S3 sync is an AWS CLI feature that can be a great option when you simply want to copy a large number of files from your production server to AWS. S3 sync creates a synchronization list of files on the local directory with an S3 bucket. The synchronization can also be done in both directions. All you need is a single AWS CLI command, and the data can easily be synchronized.
For this example, let’s say you have a bucket called mylittlesyncbucket and five files called sync01-05.txt in the local directory. Now you can run the S3 sync command:
Click here to view code image
aws s3 sync . s3://mylittlesyncbucket
The result should look like this output. Note that the files are uploaded in random sequence:
Click here to view code image
upload: .\sync03.txt to s3://mylittlesyncbucket/sync03.txt
upload: .\sync01.txt to s3://mylittlesyncbucket/sync01.txt
upload: .\sync04.txt to s3://mylittlesyncbucket/sync04.txt
upload: .\sync05.txt to s3://mylittlesyncbucket/sync05.txt
upload: .\sync02.txt to s3://mylittlesyncbucket/sync02.txt
When you log in to the AWS console, you can see the bucket has been synced with the local directory, as shown in Figure 6.3.
FIGURE 6.3 The S3 bucket has been synced
If you add more files to the directory or change the content of those files and then rerun the s3 sync command, only the files that have changed are copied over.
To ensure all file versions are stored on S3, you can enable versioning on the S3 bucket you are syncing to; thus, you can prevent any corruption of the production files from corrupting the backups in S3.

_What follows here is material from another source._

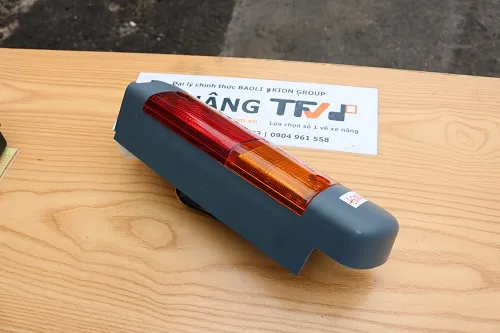 Đèn hậu Toyota 7FD HS-LL072 góc chụp khác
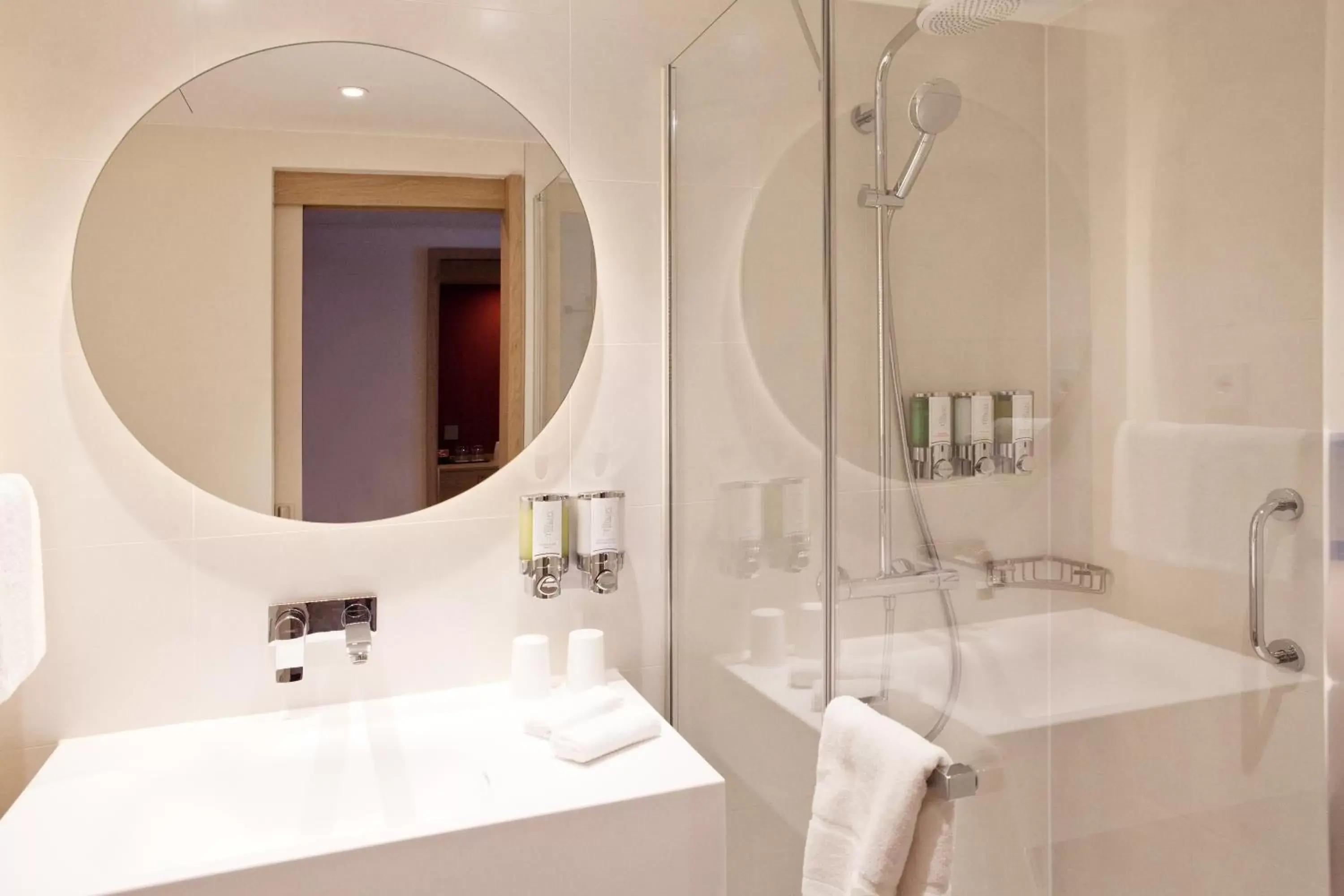 Shower, Bathroom in Hampton By Hilton Regensburg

The S3 sync approach requires you to do a bit of scripting, and this can be difficult to manage at scale. To avoid having to create your own scripting, you can use the AWS DataSync service. DataSync can synchronize file systems in the production location with other file systems in the backup location or with S3. The DataSync service requires you to use a DataSync agent that has access to the source file system. The DataSync agent uses a secure connection to the DataSync service and employs traffic optimization when transferring data. DataSync can be up to 10 times faster than other solutions for transferring data, making it a great solution to choose when syncing data from on-premises file systems to AWS.

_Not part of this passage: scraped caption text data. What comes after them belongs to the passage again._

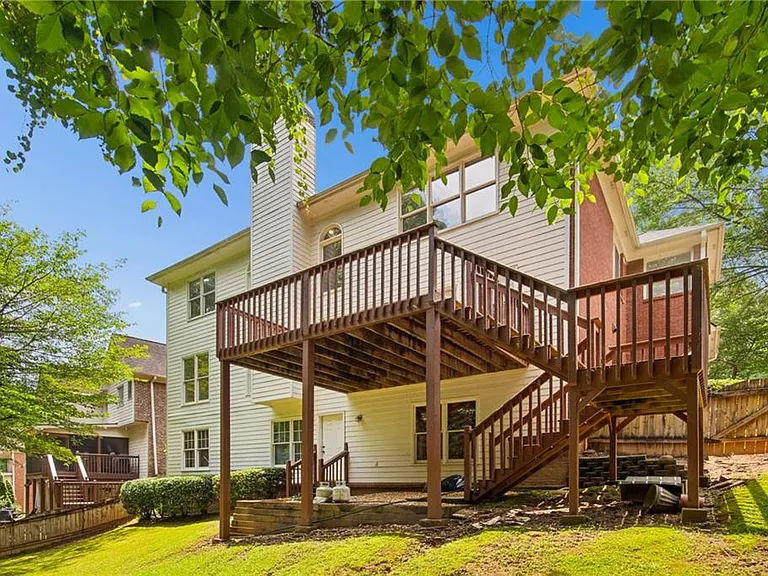 270 Edwardton Ct — Photo 36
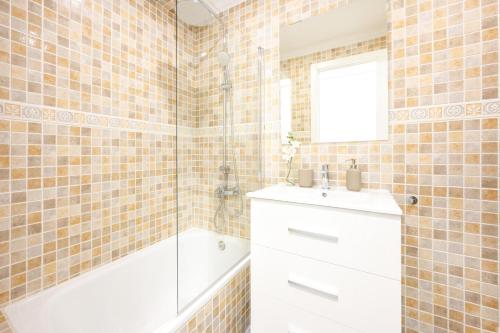 łazienka z wanną, umywalką i prysznicem w obiekcie Belgica 2 - 2 room city & beach by 10ToSea w mieście Fuengirola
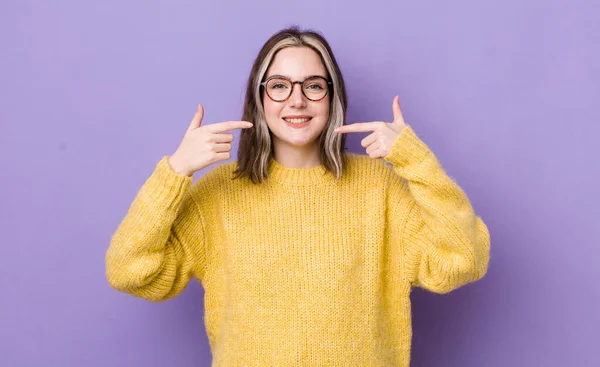 Pretty Caucasian Woman Smiling Confidently Pointing Own Broad Smile Positive — Stockfoto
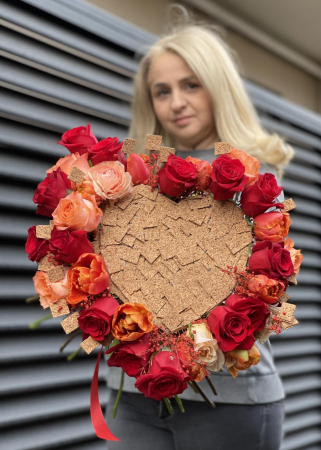 Martisor - Buchet de flori pe structura de pluta in forma de inima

To maintain a record of all changes to a file in AWS S3, you can enable bucket versioning. Versioning forces every change to an object (insert, upload, delete, patch) with the same key to be stored as a separate copy under the same key with an incremented version identifier. Figure 6.4 demonstrates this process.
FIGURE 6.4 S3 versioning
All S3 buckets are created without versioning. Versioning can be enabled, meaning all copies of all objects are retained, but a versioned bucket also can be suspended. When bucket versioning is suspended, all objects have a “null” version generated, and this null version is overwritten. However, all older versions in a suspended bucket persist, as demonstrated in Figure 6.5.
FIGURE 6.5 S3 versioning suspended
Any request for the object in the versioned bucket returns the latest version; however, you can also retrieve a specific version of an object in the versioned bucket by specifying the version identifier.
As discussed in the preceding chapter, any objects and versions of those objects can also be life-cycled to a cheaper S3 storage tier. This means that you can either move any older versions to the archive or delete them entirely.